Now the point of that strchr() call is to detect whether the current
character is the column delimiter.  The COPY reference page clearly
says:
By default, a text copy uses a tab ("\t") character as adelimiter between fields. The field delimiter may be changed
toanyother single character with the keyword phrase USINGDELIMITERS. Characters in data fields which happen to match
thedelimitercharacter will be backslash quoted. Note that thedelimiter is always a single character.

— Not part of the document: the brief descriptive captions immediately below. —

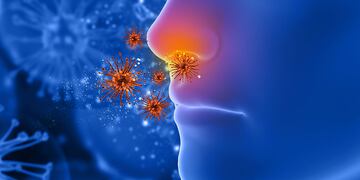 El informe diario del ministerio de Salud informó que se procesaron 704 determinaciones de las cuales 625 fueron negativas. Gentileza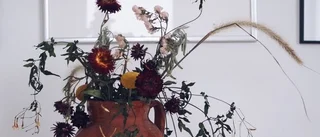 Baksidan av min blomsterkonsumtion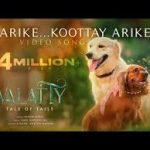 Arike Koottay Arike Song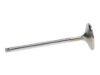 Picture of Manley Engine Intake Valve - 11690-1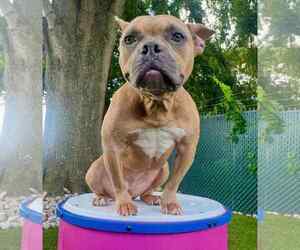 American French Bull Terrier Dogs for adoption in Holly Springs, NC, USA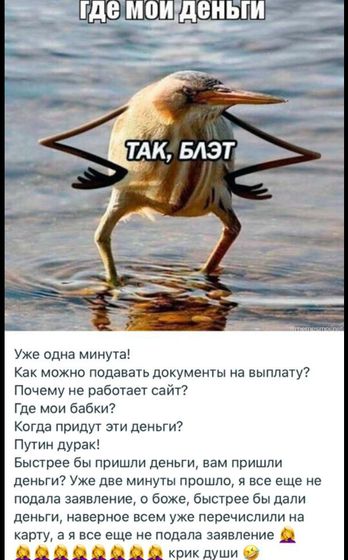 Все привет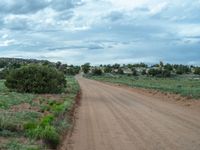 Gravel Road in Utah: Embraced by Nature's Surroundings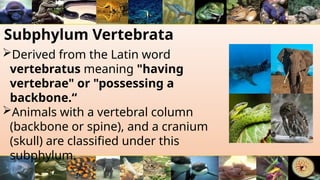 Subphylum Vertebrata
Derived from the Latin word
vertebratus meaning "having
vertebrae" or "possessing a
backbone.“
Animals with a vertebral column
(backbone or spine), and a cranium
(skull) are classified under this
subphylum.
 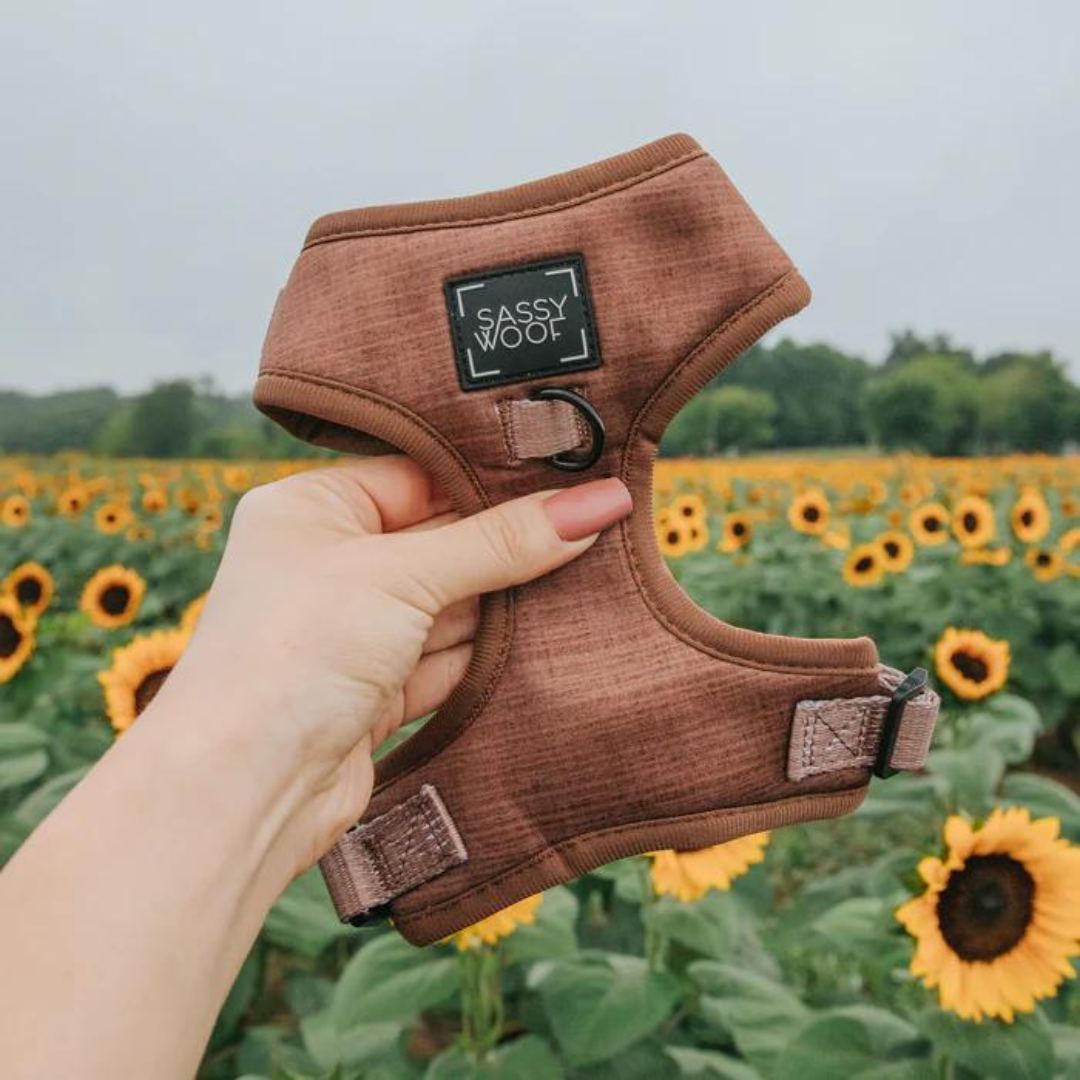 Teddy adjustable harness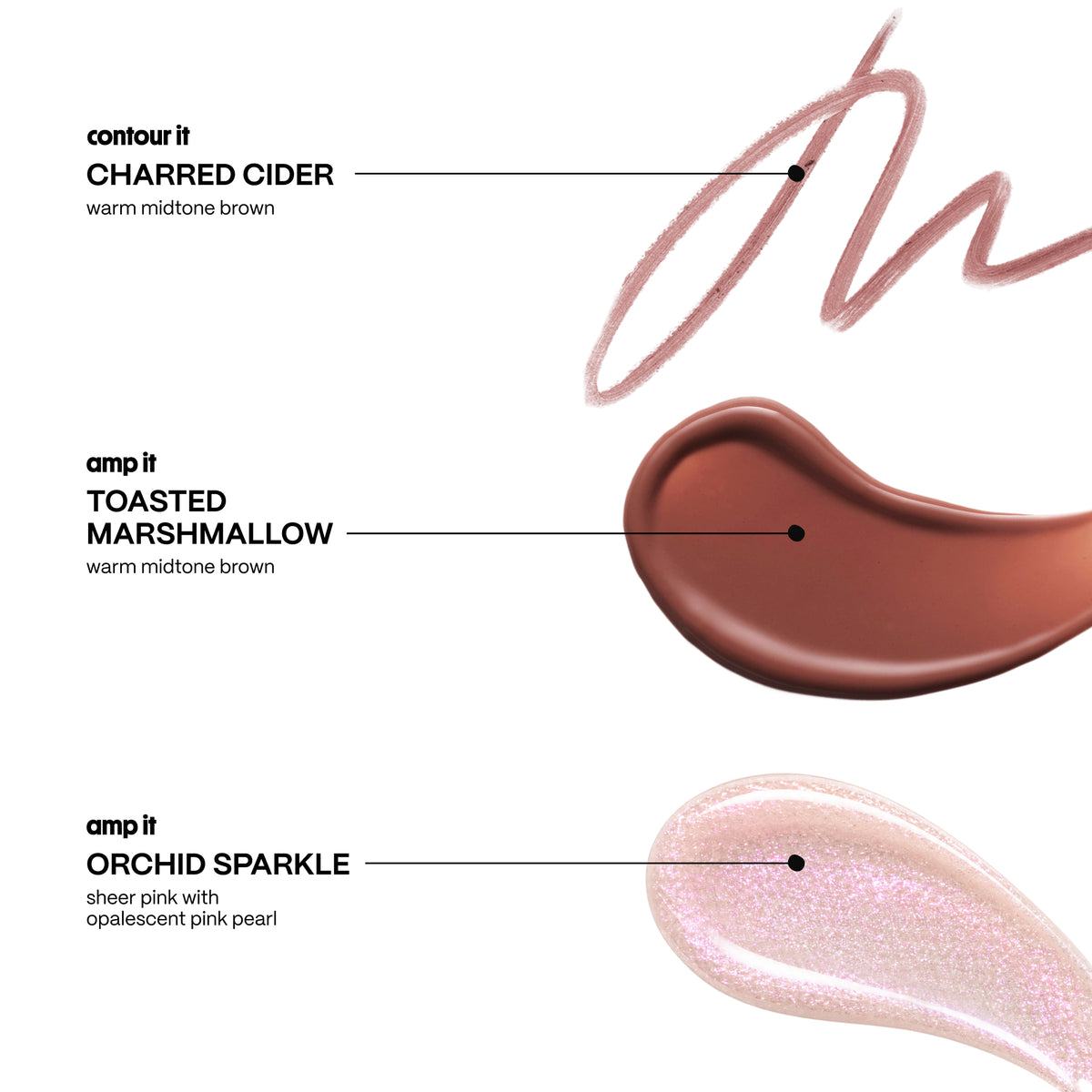 amp (k)it - orchid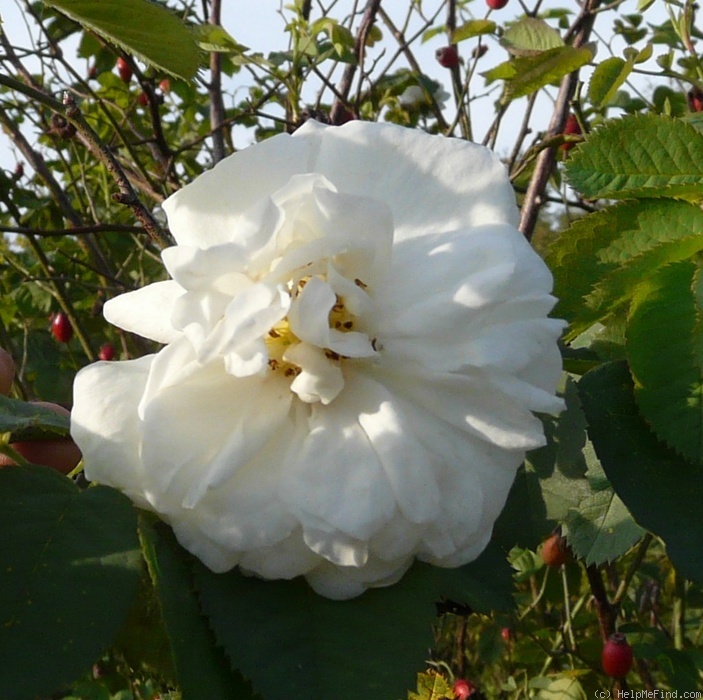 '<i>Rosa X alba</i> var. <i>vineticola</i> (H. Braun)' rose photo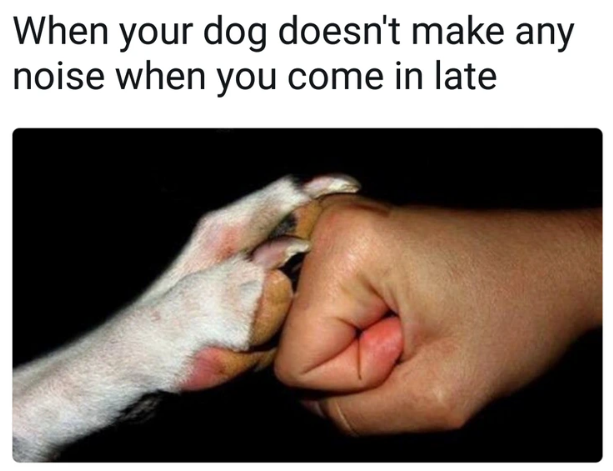 When your dog doesn't make any noise when you come in late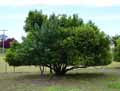 Corylus avellana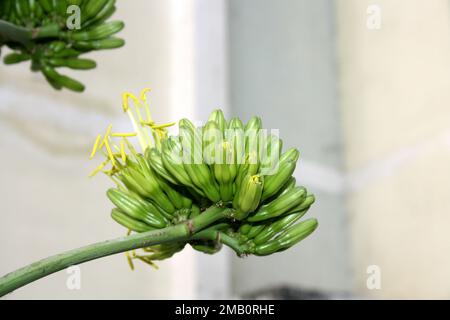 Wüstenagave (Agave Deserti) Blütenspitze mit Blüten gelber Blüten : (Pix Sanjiv Shukla) Stockfoto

If multiple
charactersarespecified in the delimiter string, only the first characteris used.
 

and indeed, only the first character is used by COPY OUT.  But COPY IN
is presently coded so that if multiple characters are mentioned in
USING DELIMITERS, any one of them will be taken as a field delimiter.

I would like to change the code to just "if (c == delim[0])",
which should buy back most of that 20% and make the behavior match the
documentation.  Question for the list: is this a bad change?  Is anyone
out there actually using this undocumented behavior?
        regards, tom lane


Re: Undocumented feature costs a lot of performance in COPY

From
Bruce Momjian
Date:
> I would like to change the code to just "if (c == delim[0])",
> which should buy back most of that 20% and make the behavior match the
> documentation.  Question for the list: is this a bad change?  Is anyone
> out there actually using this undocumented behavior?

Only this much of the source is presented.